With this in mind, many see it as a blessing that some billionaires want to make large donations to fund scientific research. After all, this money should help both the researchers who have their science financed and the public who will hopefully benefit from the resulting discoveries. One may even argue that these donations save federal money for other researchers who are not receiving private funds. An additional potential benefit is that billionaires do not need to have their funding priorities scrutinized by Congress, which means they can pay for projects that federal agencies may consider to be too risky or preliminary.

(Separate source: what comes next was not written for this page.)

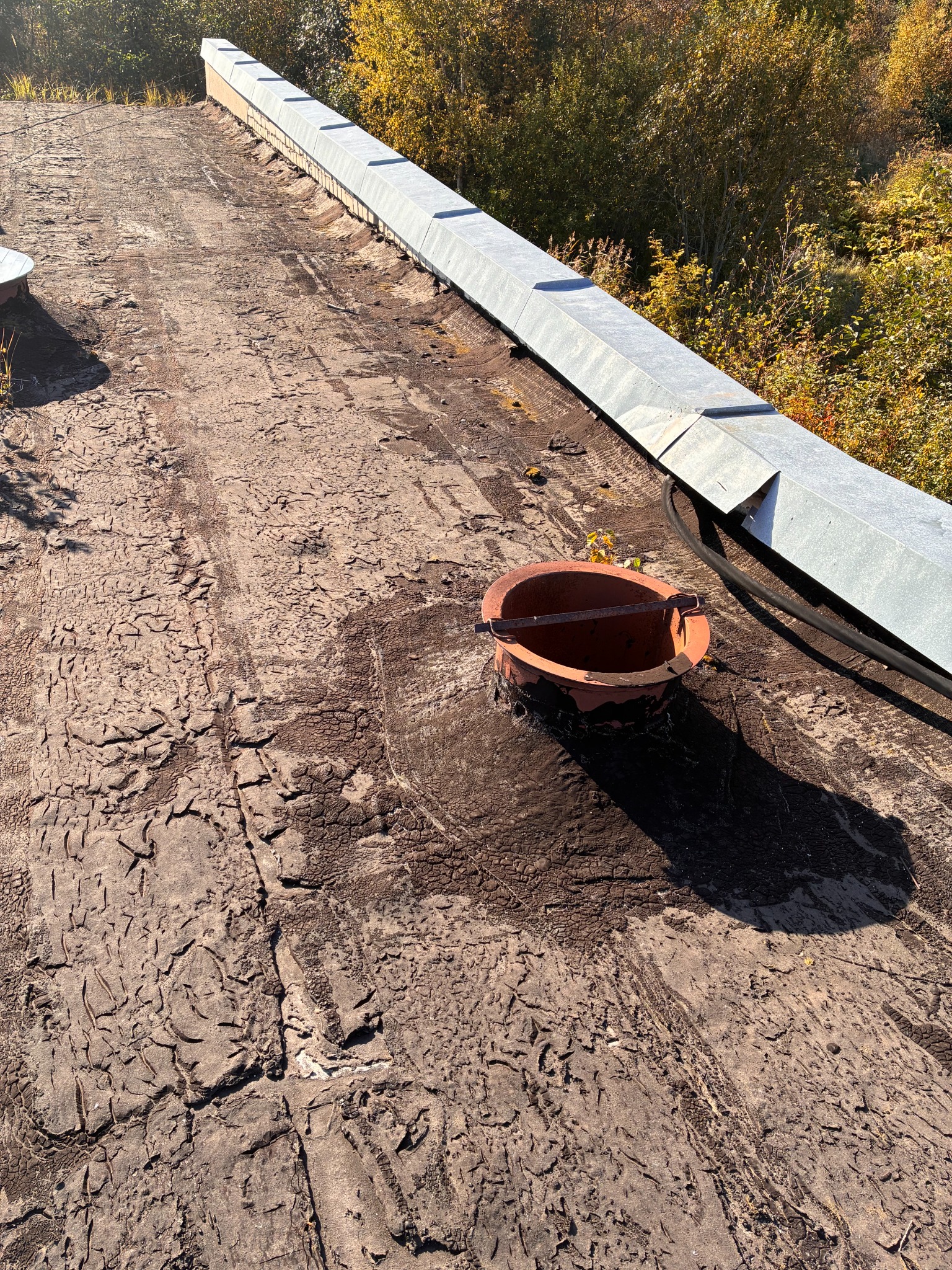 Before renovation: deteriorated roof surface and curb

Even with these positives in mind, the article highlights the possibility that this private money will skew the scientific process. When scientists apply for federal grants, there is an understanding that the applications will be fairly evaluated through peer review of the proposed scientific ideas and techniques. This rigorous peer review is not a requirement in order to receive private research money. Donors can give money to whomever they choose.

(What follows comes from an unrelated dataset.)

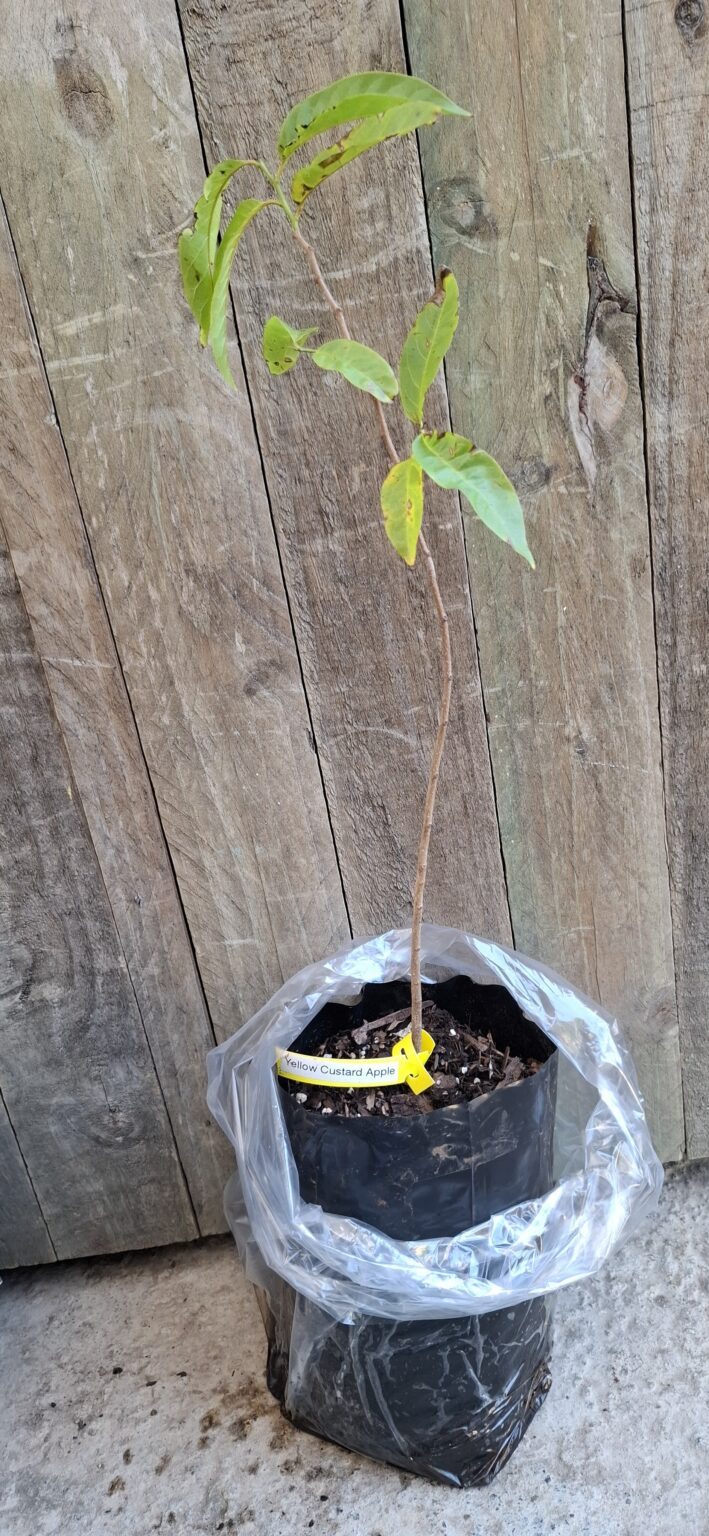 1000372051-scaled.jpg Yellow Custard Apple Tree - 4,5l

This leads some people to fear that only a subset of elite institutions will primarily benefit from large private donations because they are the best known, even when a group at a less presitigious university may be a wiser choice scientificially speaking. Another fear is that certain subfields of science will be propped up by the money while less sexy fields—especially basic science fields—will languish and scramble for money to stay alive.
Often big donors have a personal reason for wanting to fund research about a particular subject—especially if it is a cure for a disease that has affected a family member. This can be a very good thing and move science quickly towards a cure. The article gives the example of cystic fibrosis research which benefited from hefty donations and fundraising efforts from Tom and Ginny Hughes, who have two daughters with the disease. Money raised by a foundation started by the Hughes family was used to unite academic and industry efforts, and resulted in the first drug treatment for the disease. This is obviously a wonderful development, however, as the Times article notes, because billionaires are generally white, they are more likely to fund genetic diseases that disproportionally impact white Americans over other races.
Another fear springing from this increase in privately funded science is that voters may be less likely to support funding federal research in the future. This may be because they are unable to distinguish which research is paid for by donors and which is paid for by federal grants—or because they think that private money is sufficient for making scientific progress. Complicating the issue is the fact that private foundations often put more effort (and money) into public relations than do government agencies.
It is important to note that private foundations have long played a large role in funding American science. Foundations including the American Heart Association and the Brain & Behavior Research Foundation grant millions of dollars a year to researchers studying both applied and basic research. Some of these private foundations are almost akin to federal agencies in the way that they evaluate specific proposals. They play an important role in the funding ecosystem by paying for projects that may be too risky for the federal government to fund but are not specific pet projects spurred by individual billionaires.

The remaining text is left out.